Genpact profit declines 12.6%, lowers revenue forecast to 16%
This company had reported a net profit of USD 61.1 million for the December quarter of 2011.
Revenues for the quarter under review stood at USD 507.7 million, up 14.7 per cent from USD 442.7 million in the same period of the previous year.
The company follows January to December fiscal year.
The Nasdaq-listed company's net profit for full-year in 2012 declined 3.3 per cent to USD 178.2 million from USD 184.3 million in 2011.
The company attributed fall in full year profit to special dividend payouts.
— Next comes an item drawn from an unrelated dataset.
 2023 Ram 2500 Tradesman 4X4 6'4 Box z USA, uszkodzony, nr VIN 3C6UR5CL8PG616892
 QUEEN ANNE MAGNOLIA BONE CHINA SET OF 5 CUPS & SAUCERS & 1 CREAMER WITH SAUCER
It paid a special cash dividend of USD 2.24 per share, aggregating to about USD 502 million, from its sale of shares to Bain Capital Partners.
In August last year, Bain Capital had bought a combined 30 per cent stake in Genpact for USD 1 billion from General Atlantic and Oak Hill Capital Partners.
The special dividend was funded through a combination of surplus cash on Genpact's balance sheet and a portion of the proceeds of borrowings under a new USD 925 million senior credit facility.
"The costs and expenses associated with the above transactions are reflected in Genpact's results for 2012, and adversely impacted net income for the year," Genpact President and CEO N V Tyagarajan said.
Genpact's revenues in 2012, however, grew nearly 19 per cent to USD 1.9 billion.
It had about USD 477.5 million in cash and cash equivalents and short-term deposits as of December 31, 2012.
The company, however projected a revenue growth of 16 per cent at USD 2.15 billion to USD 2.20 billion this year.
When asked about lower revenue growth forecast, Genpact CFO Mohit Bhatia said: "We clocked a revenue growth of 18.8 per cent last year helped by a full 12 months revenue from Headstrong."
In 2011, only eight months (May-December) of Headstrong revenus were accounted by Genpact, he added.
Genpact had acquired the Noida-based IT services company Headstrong for USD 550 million in 2011.
"We remain cautious, as are many of our clients, about the global economy in the near term, even as we see signs of improvement, and we are bullish on the long term," Tyagarajan said.
On short-term growth prospects, Bhatia said the overall economic environment in the US is showing signs of improvement, but some sectors are still sluggish.
"In the long term, we expect the capital markets, which are sluggish now, to bounce back and also see good prospects from the healthcare segment," he added.
That apart, in the short term life sciences, insurance and banking show a promising growth potential, Bhatia said.
"In 2012, we delivered robust growth in revenues and adjusted operating income. In addition, we expanded and strengthened our capabilities across our enterprise services offerings, industry vertical markets and geographies with both investment initiatives and acquisitions," Tyagarajan said.
About 76.6 per cent of Genpact's revenues in 2012 came from business process management services, while that from IT services stood at 23.4 per cent.
On hiring for 2013, Piyush Mehta, Head of Genpact's Global Human Resources said the company expects the headcount to be healthy. As of December 31, 2012, Genpact had about 60,200 employees worldwide, up from 55,400 people at the end of 2011.